▶ **WORK ITEM**
The answer must be a word-for-word copy of the records below, with every picture left out.

[Captioned web image data]
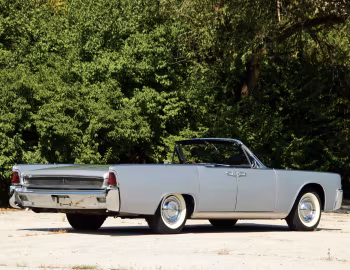 1961 Lincoln Continental Convertible (74А)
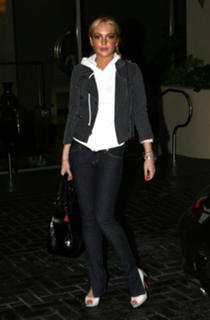 Lindsay Lohan feet photo thumbnail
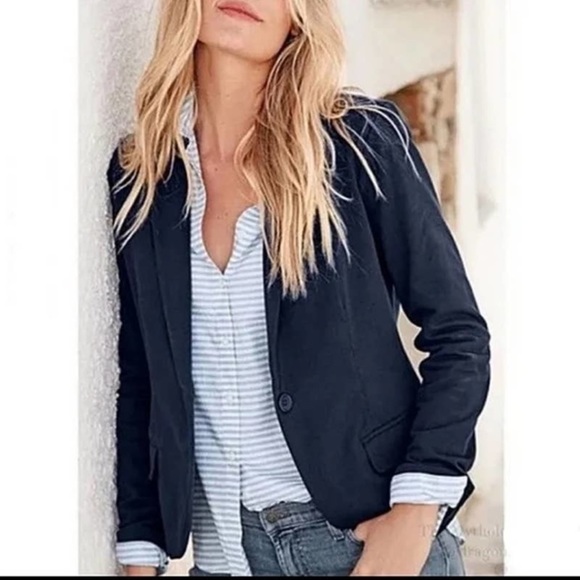 Garnet Hill Navy Blazer - Picture 1 of 6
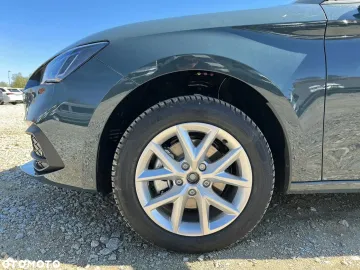 Car image 31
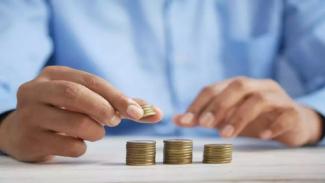 banker counting FnB student loan interest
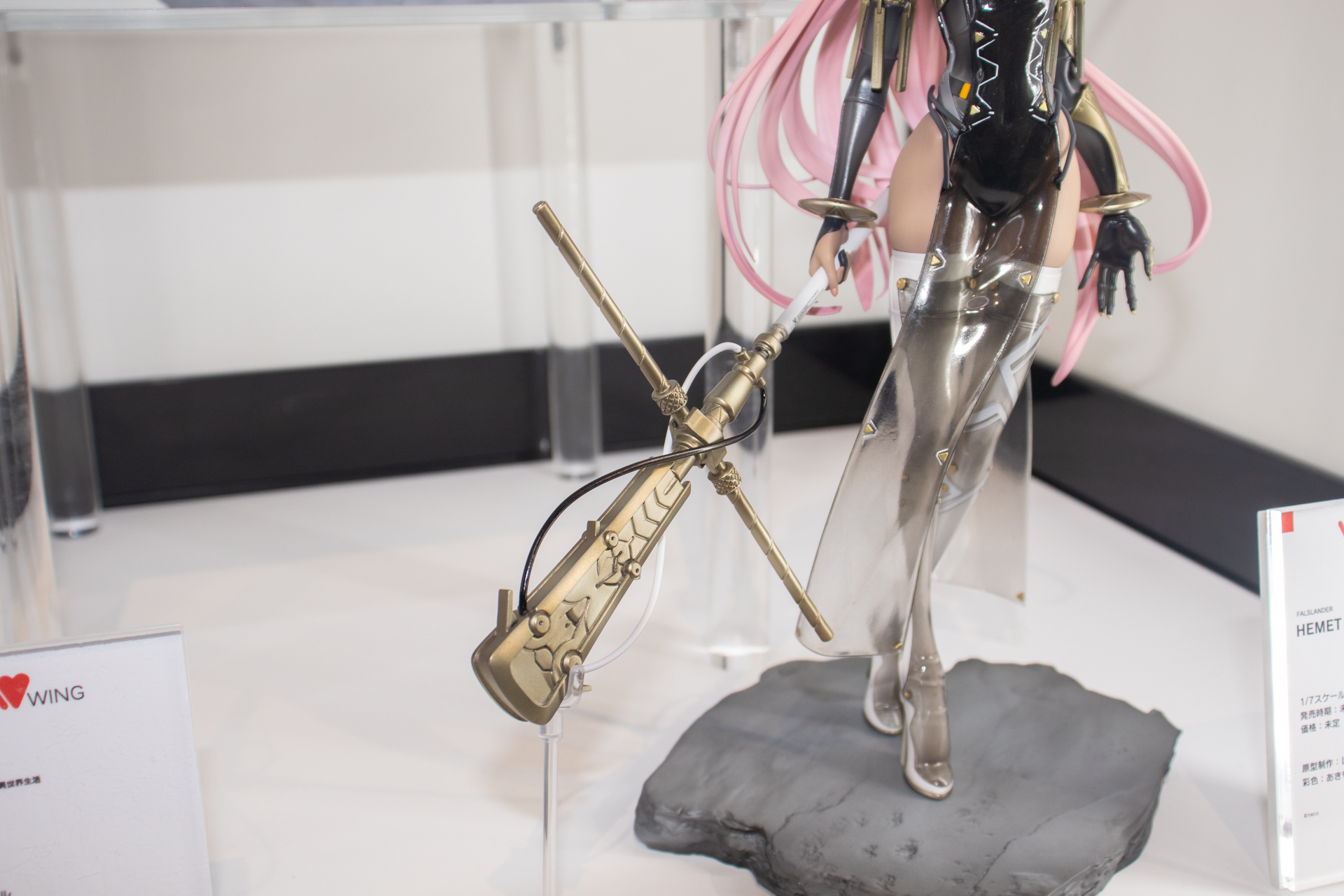 武器は細かなモールドやケーブルも造形されている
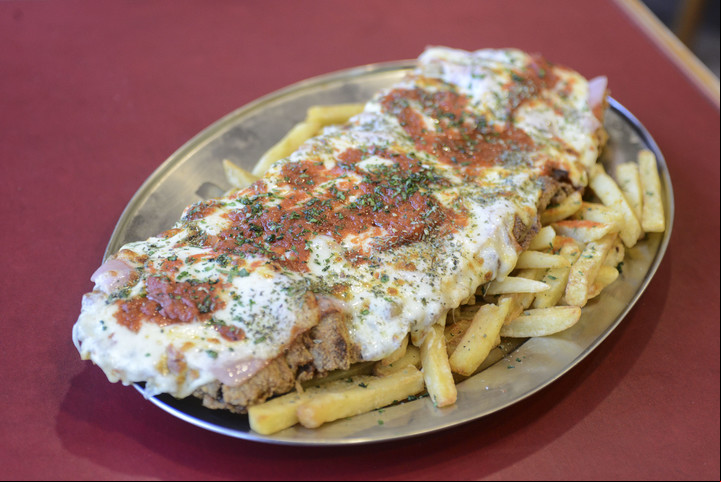 La milanesa de entraña de Nosso. Foto: Constanza Niscovolos.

▶ **FINAL ANSWER**
 1961 Lincoln Continental Convertible (74А)
 Lindsay Lohan feet photo thumbnail
 Garnet Hill Navy Blazer - Picture 1 of 6
 Car image 31
 banker counting FnB student loan interest
 武器は細かなモールドやケーブルも造形されている
 La milanesa de entraña de Nosso. Foto: Constanza Niscovolos.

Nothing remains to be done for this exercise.